Man kann sich etwas merken, wenn es für einen Sinn ergibt, wenn es an etwas anknüpft, was man schon weiß. Ich kann mir einen deutschsprachigen Text merken, aber keinen auf Dänisch, weil ich kein Dänisch kann. Und wenn es einen emotionalen Gehalt hat, ist es noch einfacher, sich etwas zu merken. Wie leicht lernt sich die fremde Sprache der Geliebten! Kurz gesagt: Ich kann mir merken, was ich verstehe und was mich berührt.

Das ist in der Musik nicht anders. Wenn ich die Regeln nicht kenne (nicht mal intuitiv), verstehe ich die Musik nicht. Ich kann nicht berührt werden, genauso wenig wie ich ergriffen sein kann von einem dänischen Gedicht. Ich kann mir also auch nichts merken und weiß nicht, ob und wann etwas abgeschlossen ist. Alles daran ist im besten Fall rätselhaft, aber meist frustrierend und langweilig.

Die Bratschistin Kallie Sugatski kennt diese Probleme. Sie ist (wie der Autor dieser Zeilen) ein Fan von “Wild Purple”, einem kurzen Stück für Bratsche solo.
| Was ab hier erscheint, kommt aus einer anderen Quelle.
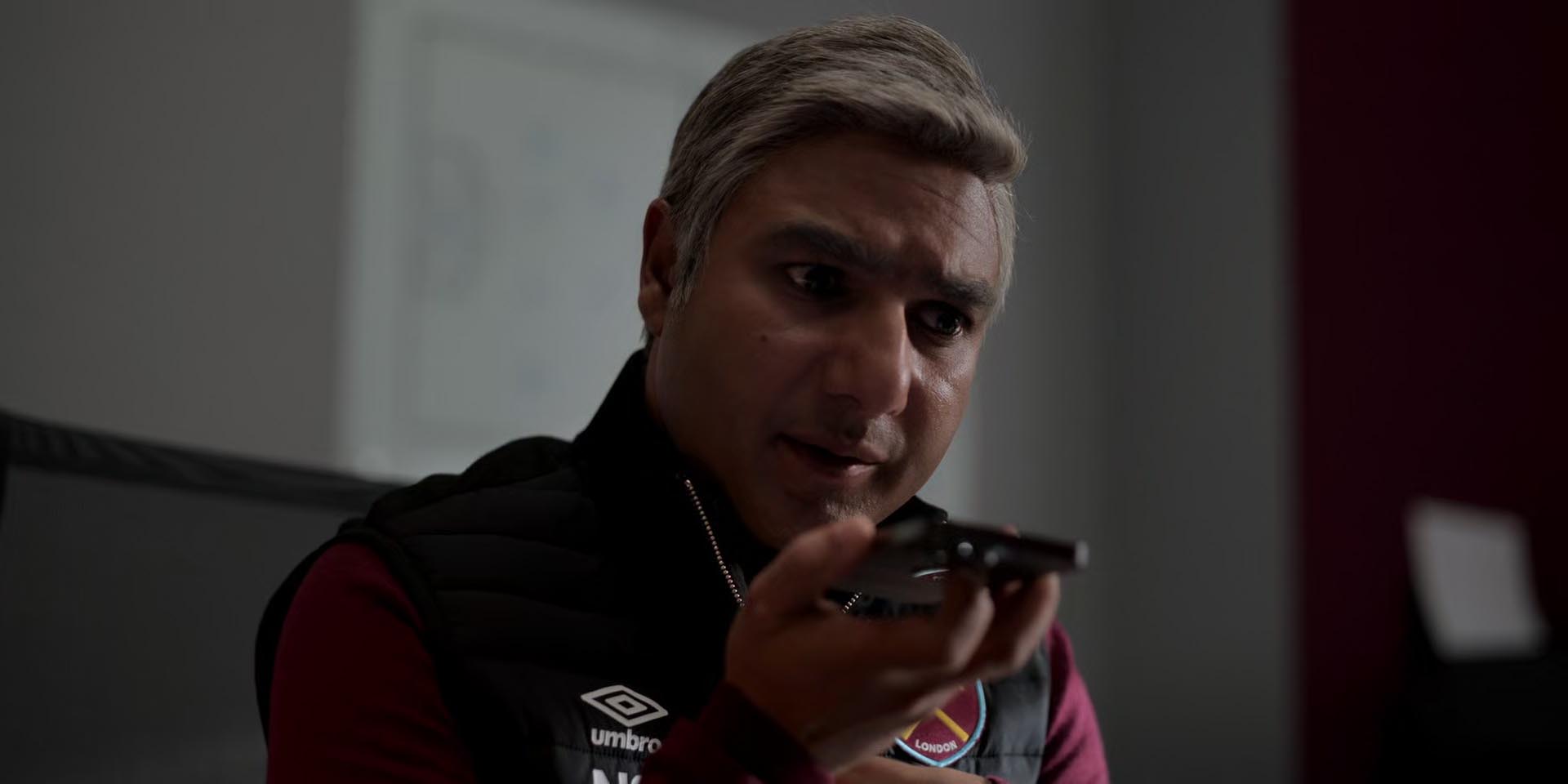 Siri, how can you tell if a girl likes you or is just being nice to you?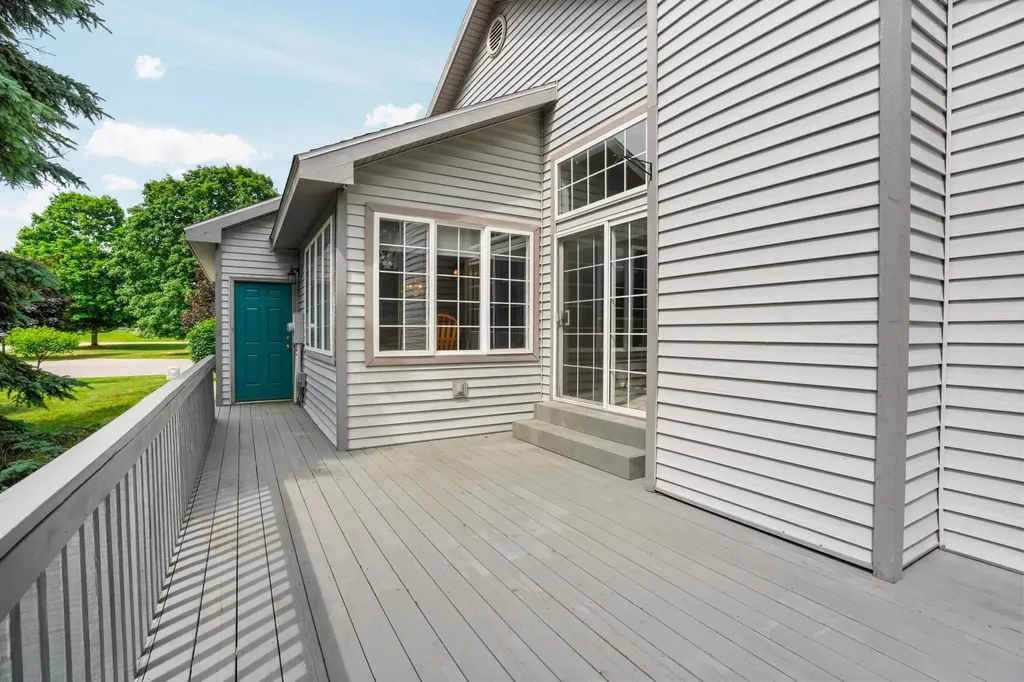 12016 S Elk Run Elmwood Charter Township MI 49684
Komponiert hat es 1998 die Amerikanerin Joan Tower und es ist die Art moderne Musik, wie sie viele ratlos zurücklässt, weil ihre Anker aus Harmonie, Rhythmus und Melodie nicht greifen. 

Sugatski sagt, dass das Publikum, das in moderner Musik Melodien vermisst, nicht fündig wird, weil es nach der falschen Sache sucht – wie barocke Ornamente in einer Bauhaus-Villa. Es gibt aber natürlich trotzdem unglaublich viel zu entdecken in solcher Musik, aber wie stellt man es an? Sugatski schlägt vor, auf “musikalische Gesten” zu achten.

Man kennt das Phänomen, dass man unwillkürlich bestimmte Bewegungen zu Musik macht, und damit meine ich nicht nur das Mitstampfen bei Märschen, sondern zum Beispiel Bewegungen der Hände, des Oberkörpers, des Kopfes, der Stirn, der Augen. Aber auch umgekehrt hat man eine Vorstellung davon, wie eine menschliche Bewegung musikalisch umgesetzt werden könnte: Schluchzen, zögern, rucken, Anlauf nehmen, in sich zusammenfallen – all diese Gesten (und so viele mehr) sind Ausdrucksformen, die mit bestimmten menschlichen Bewegungen verbunden sind, die wir in Musik wiederfinden können. Wenn sich Musiker*innen oder Dirigent*innen unwillkürlich (oder auch kalkuliert) zur Musik bewegen wie Schauspieler*innen und sich in ihrem Gesicht tausend Ausdrücke zeigen, illustrieren sie damit einzelne musikalische Gesten – oder besser: sie verkörpern sie. 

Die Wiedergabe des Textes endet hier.